No Death Star, but a good use of technology anyway

 

Connecting state and local government leaders

The failed attempt to successfully petition the White House to build a Death Star nevertheless highlights a worthwhile way to use technology to engage the public.

In one way, I was sad to learn that the federal government has no plans to build a Death Star in 2013. But I guess there is always next year. As a reporter covering emerging technology, I could generate a lot of stories about the technology behind the universe’s first Death Star.

The White House’s official response to the Death Star petition on its We the People site offers some pretty good logic for not trying to build one. That includes the fact that the cost of such an endeavor would run $850,000,000,000,000,000 ($850 quadrillion) and that the current administration is not in favor of blowing up planets.
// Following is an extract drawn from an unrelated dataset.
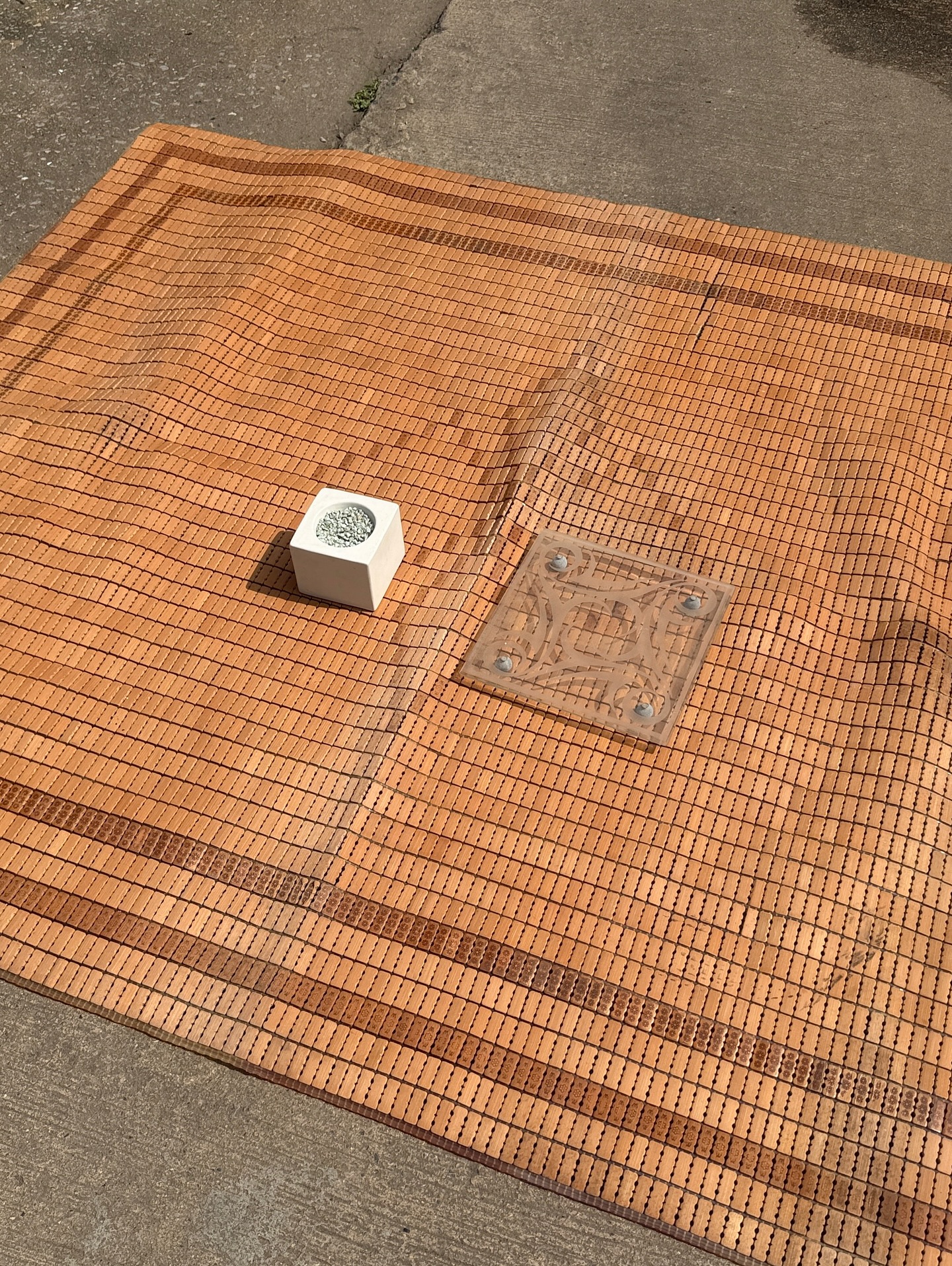 เมทัล สุขขาว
Then there is the well-known design flaw that would make it silly to build such a structure when it could be exploited and destroyed by a single-man spacecraft.

The official response goes on to point out several cool real-world programs that are being worked on right now by NASA, including the international space station and many of the robotic projects that we have reported on recently.
 
So there is no Death Star coming, which is probably a good thing, but the whole petition response has called attention to a rather dynamic program the White House started in which anyone can create an online petition, gather enough signatures and get an official response from the White House.
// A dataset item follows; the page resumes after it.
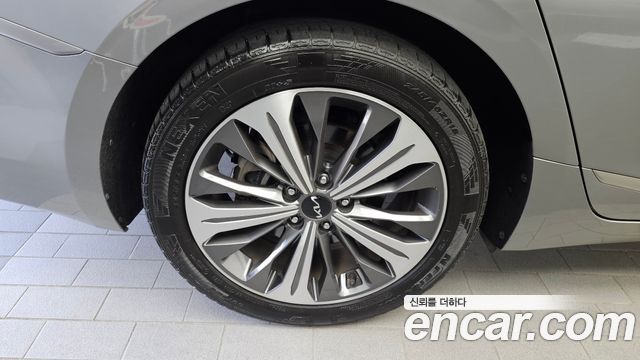 Kia K8 Hybrid Signature 2022 — фото 5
It’s a pretty innovative way to let people get in contact with government,  and a lot of serious questions have been asked and then answered, from taxes and gun control to letting the director of the National Guard sit on the Joint Chiefs of Staff, which actually did happen.

Of course, the downside of the site’s popularity is that it inevitably attracts frivolous ideas, from deporting talk show hosts and college quarterbacks to officially recognizing Sasquatch as an indigenous North American species. The White House had protected itself against engaging in frivolous discussions by requiring that any petition draw 25,000 signatures to merit a response. But after the Death Star made the cut, the threshold was raised to 100,000.

Even so, this is a pretty cool attempt to make government more accessible using technology, even if a few silly ideas make it through. And really, the support for the Death Star petition will probably prove to be the exception among those offbeat ideas rather than the rule. If it encourages more people to participate in government, that’s good, even if we won’t be blowing up planets any time soon.